> [Description of the task]
Nothing but an exact copy is asked for: the lines in the material below from the one with "A late 19th" through the one with "Handmade seed bead", pictures excluded.

> [Entries provided]
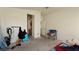 Bedroom with dirty carpet, featuring a chair and lots of clutter at 3871 Sir Bret Ct, Las Vegas, NV 89104
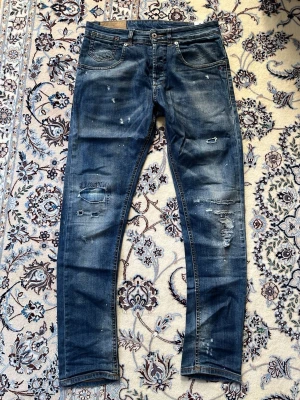 Dondup jeans - Säljer ett par blå jeans med slitningar och hål på både fram- och baksida från märket DONDUP. Jeansen har en klassisk femficksmodell med W29 men passar också W30-31.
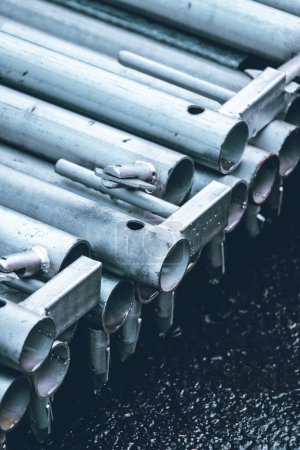 Photo for A vertical closeup shot of the snow-covered stainless steel pipes stacked on top of each in the outside - Royalty Free Image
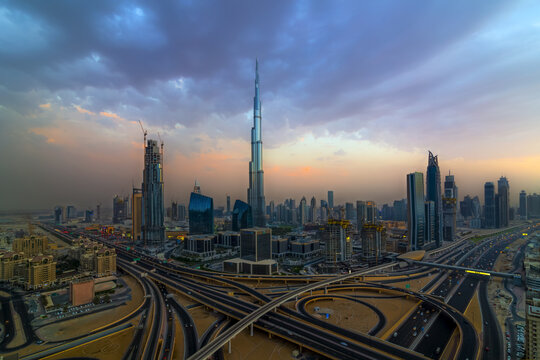 View of the Burj Khalifa towering over the modern Dubai skyline and complex highway interchange at sunset in Dubai, Dubai, United Arab Emirates.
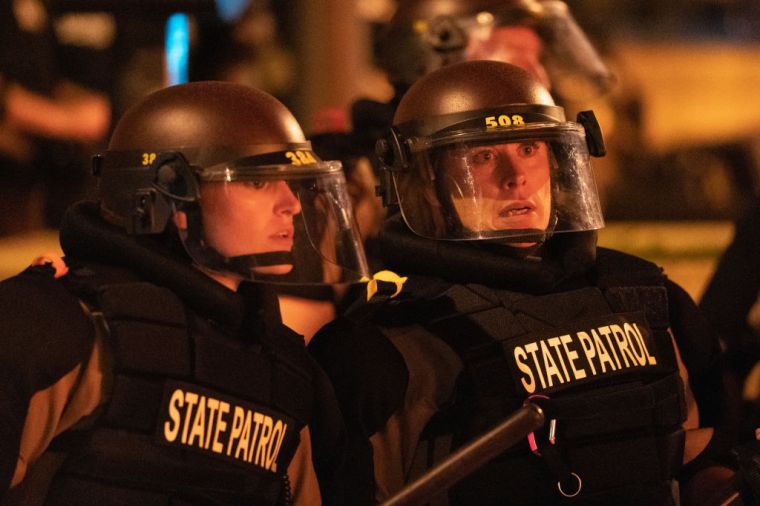 Minnesota community members mourned, protested and looted in reaction to George Floyd dying in police custody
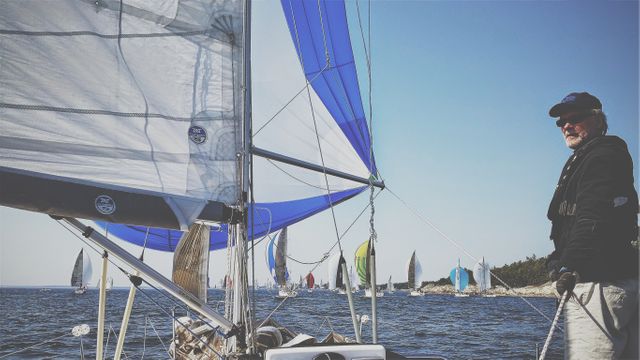 An experienced sailor is navigating through the open sea during a sailing competition with other yachts seen in the background under a clear, sunny sky. Ideal for use in content related to maritime activities, sailing events, nautical training, or adventure and outdoor sports.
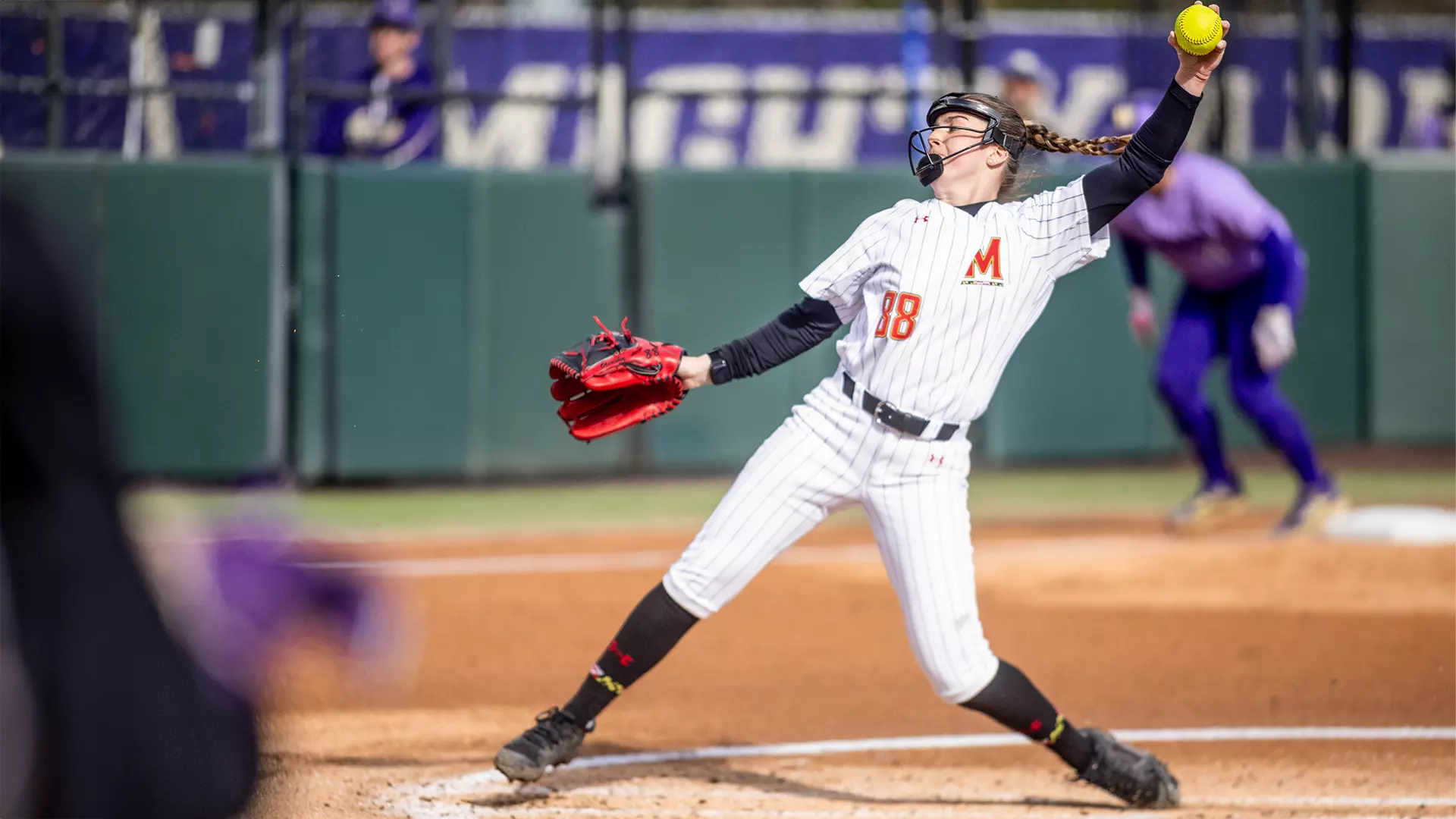 Caitlin Olensky pitching against Washington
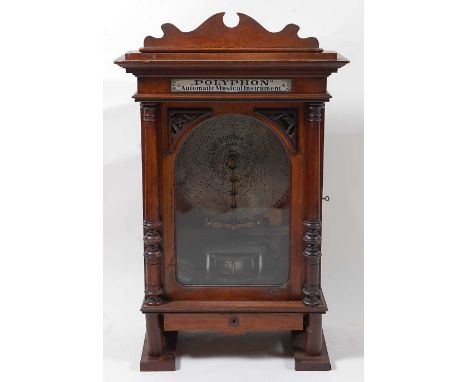 A late 19th century walnut cased free standing and coin operated Polyphon by Nicole Freres of Leipzig, playing 15 1/2" discs,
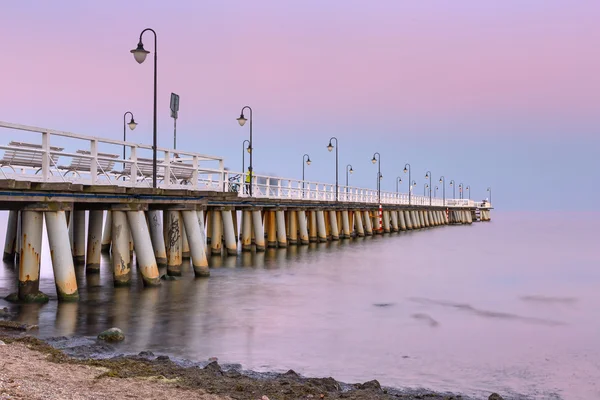 Baltic pier in Gdynia Orlowo at dusk — Stock Photo, Image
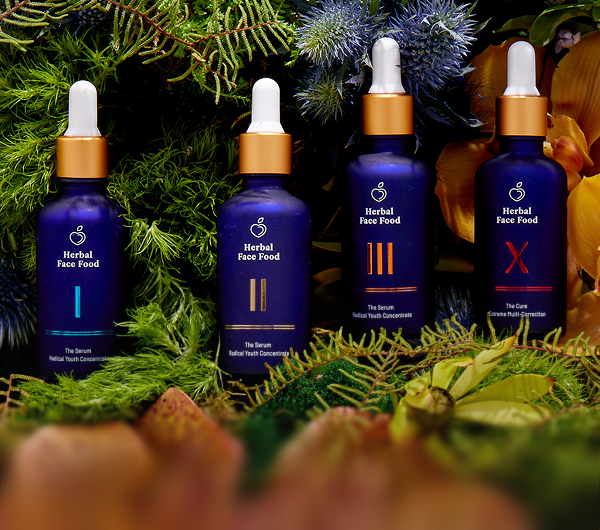 Four blue frosted glass bottles of Herbal Face Food serums with gold droppers, arranged among green and purple foliage.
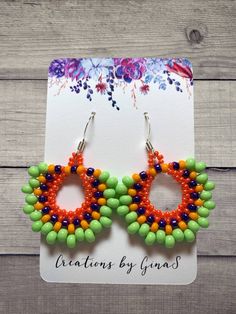 Handmade seed bead earrings. Bright and fun made with lime green, orange, yellow, and shiny purple seed beads, with a French ear wire hook. Vibrant Handmade Green Jewelry, Summer Orange Beaded Earrings With Tiny Beads, Green Teardrop Earrings With Tiny Beads, Vibrant Multicolor Beaded Earrings As Gift, Summer Orange Earrings With Tiny Beads, Vibrant Green Dangle Earrings, Vibrant Green Dangle Jewelry, Multicolor Beaded Dangle Earrings With Spacer Beads, Multicolor Dangle Beaded Earrings With Spacer Beads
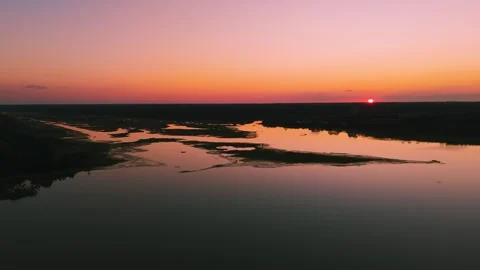 Aerial sunset view over Eastern Shore marshlands, tidal wetlands, and waterways  Stock Footage 344059463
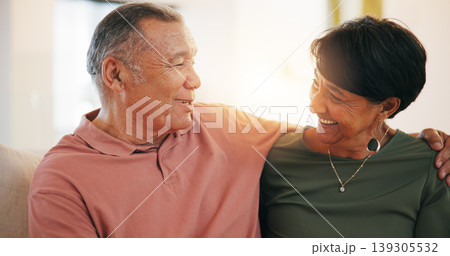 Retirement, couple and hug with love in morning, home or conversation with support in living room. Mature, people and talking together with embrace on sofa in lounge of apartment or vacation in house 139305532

> [Response area]
 A late 19th century walnut cased free standing and coin operated Polyphon by Nicole Freres of Leipzig, playing 15 1/2" discs,
 Baltic pier in Gdynia Orlowo at dusk — Stock Photo, Image
 Four blue frosted glass bottles of Herbal Face Food serums with gold droppers, arranged among green and purple foliage.
 Handmade seed bead earrings. Bright and fun made with lime green, orange, yellow, and shiny purple seed beads, with a French ear wire hook. Vibrant Handmade Green Jewelry, Summer Orange Beaded Earrings With Tiny Beads, Green Teardrop Earrings With Tiny Beads, Vibrant Multicolor Beaded Earrings As Gift, Summer Orange Earrings With Tiny Beads, Vibrant Green Dangle Earrings, Vibrant Green Dangle Jewelry, Multicolor Beaded Dangle Earrings With Spacer Beads, Multicolor Dangle Beaded Earrings With Spacer Beads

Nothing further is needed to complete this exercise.